What is being asked
Copy only the lines from the one containing "Online Casino: Spielautomaten" through the final line of the records below, exactly as written, with no pictures.

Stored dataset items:

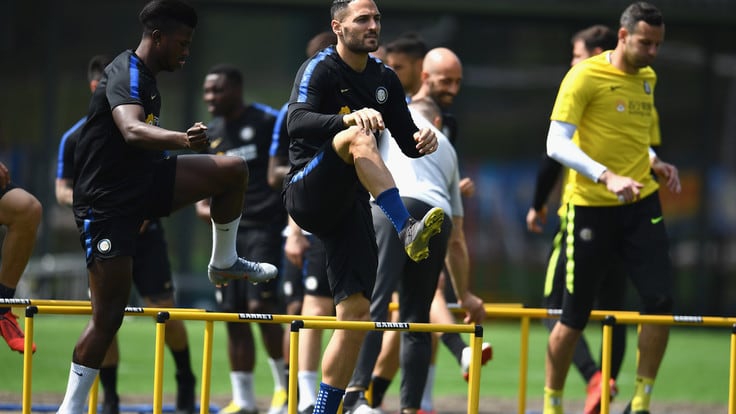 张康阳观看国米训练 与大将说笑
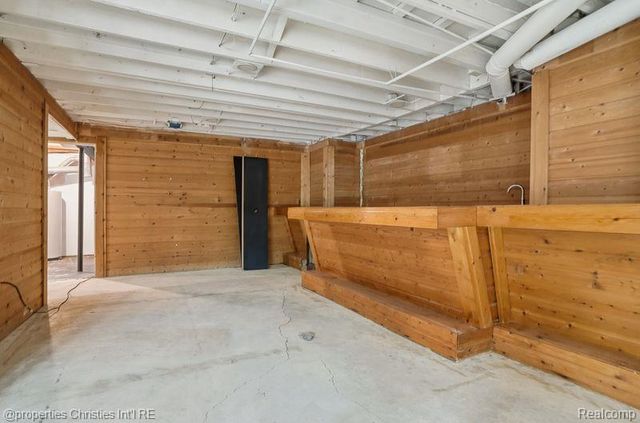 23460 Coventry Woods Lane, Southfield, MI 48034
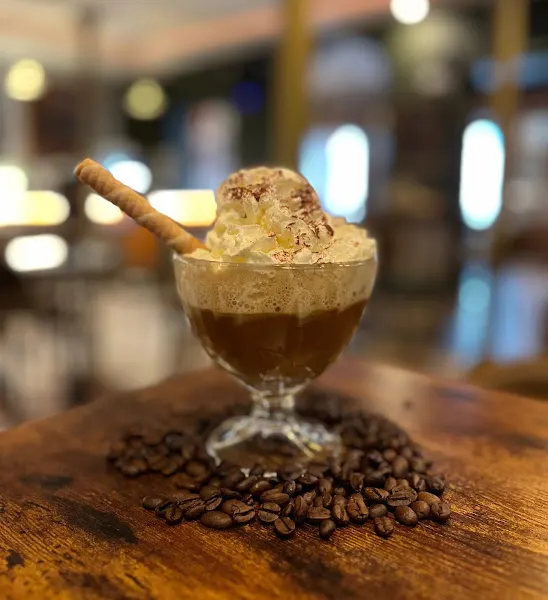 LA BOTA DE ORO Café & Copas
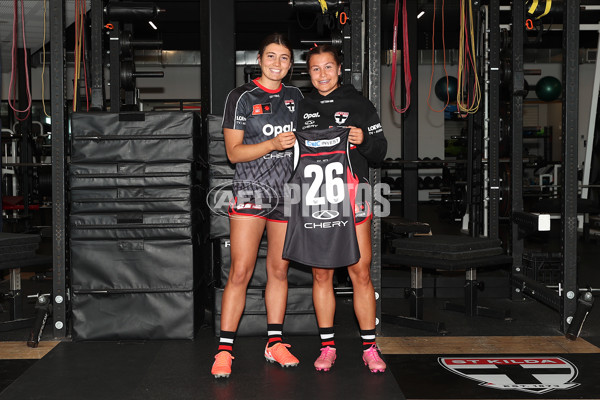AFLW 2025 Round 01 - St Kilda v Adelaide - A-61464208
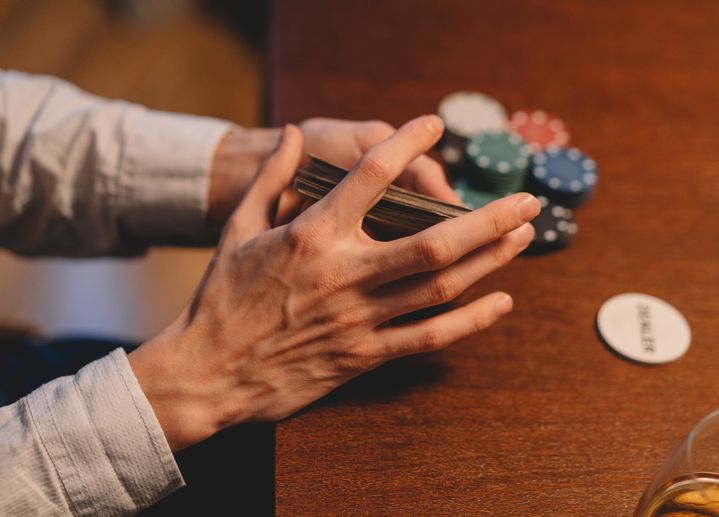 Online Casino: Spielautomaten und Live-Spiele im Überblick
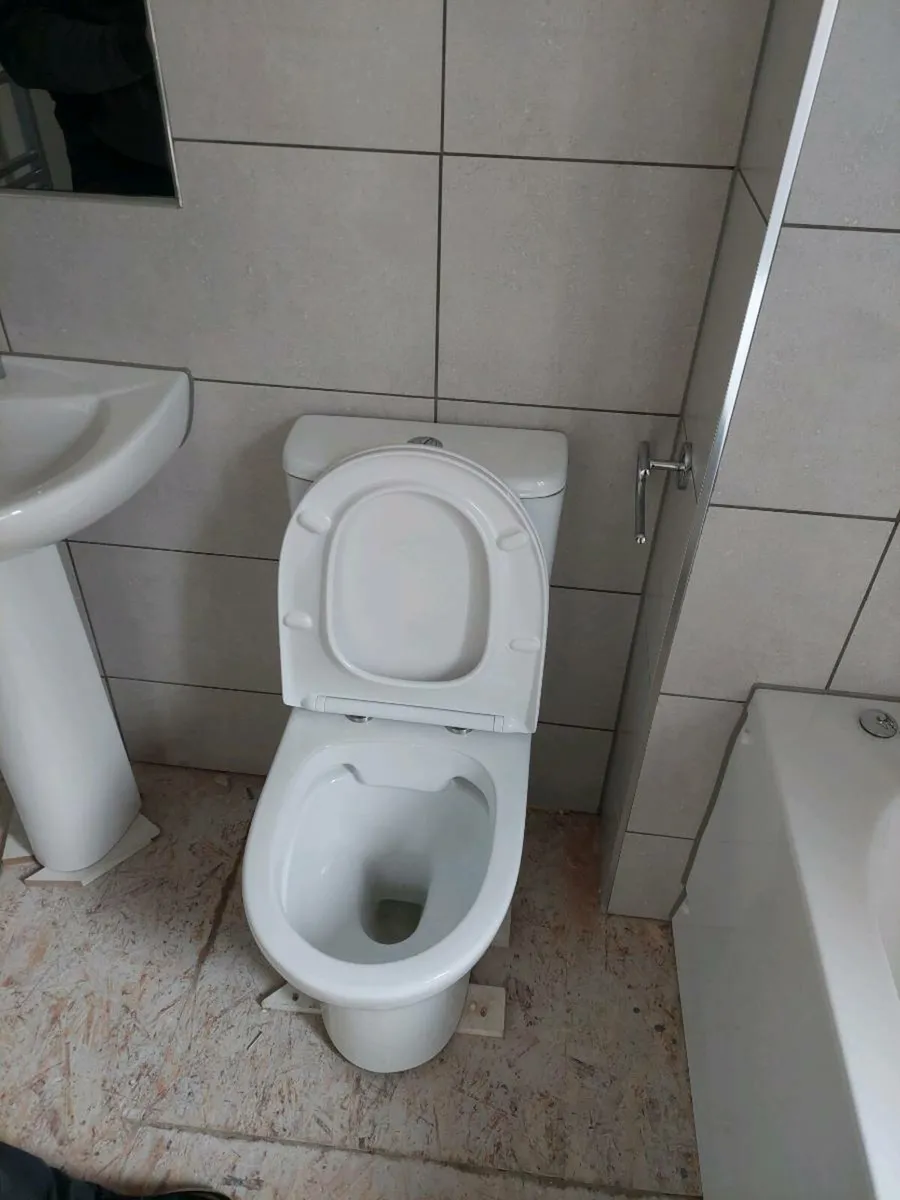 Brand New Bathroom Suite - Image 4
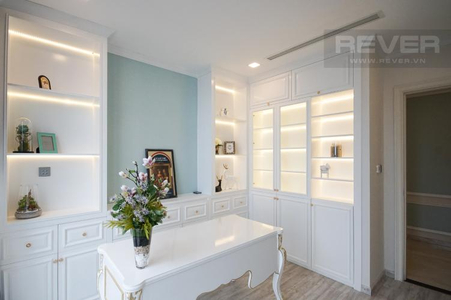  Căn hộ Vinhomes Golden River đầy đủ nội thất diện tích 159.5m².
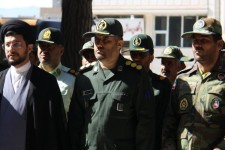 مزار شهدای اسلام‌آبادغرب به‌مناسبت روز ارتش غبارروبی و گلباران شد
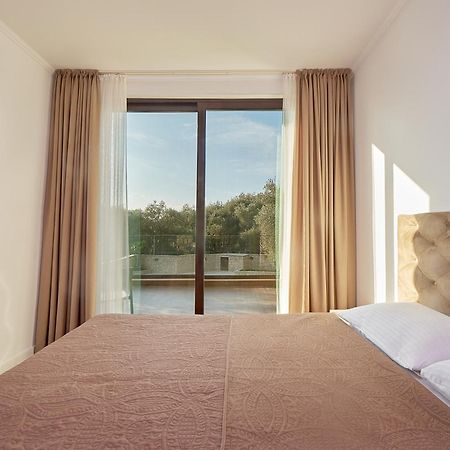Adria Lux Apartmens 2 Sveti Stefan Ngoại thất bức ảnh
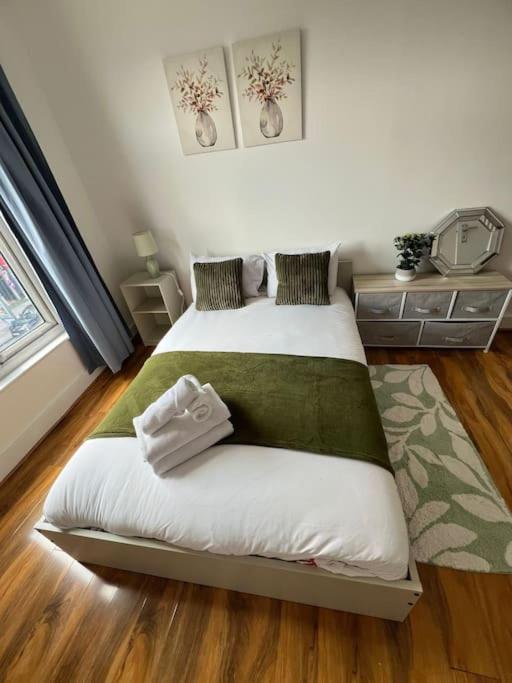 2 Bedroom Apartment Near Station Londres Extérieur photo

Exercise output
 Online Casino: Spielautomaten und Live-Spiele im Überblick
 Brand New Bathroom Suite - Image 4
  Căn hộ Vinhomes Golden River đầy đủ nội thất diện tích 159.5m².
 مزار شهدای اسلام‌آبادغرب به‌مناسبت روز ارتش غبارروبی و گلباران شد
Adria Lux Apartmens 2 Sveti Stefan Ngoại thất bức ảnh
 2 Bedroom Apartment Near Station Londres Extérieur photo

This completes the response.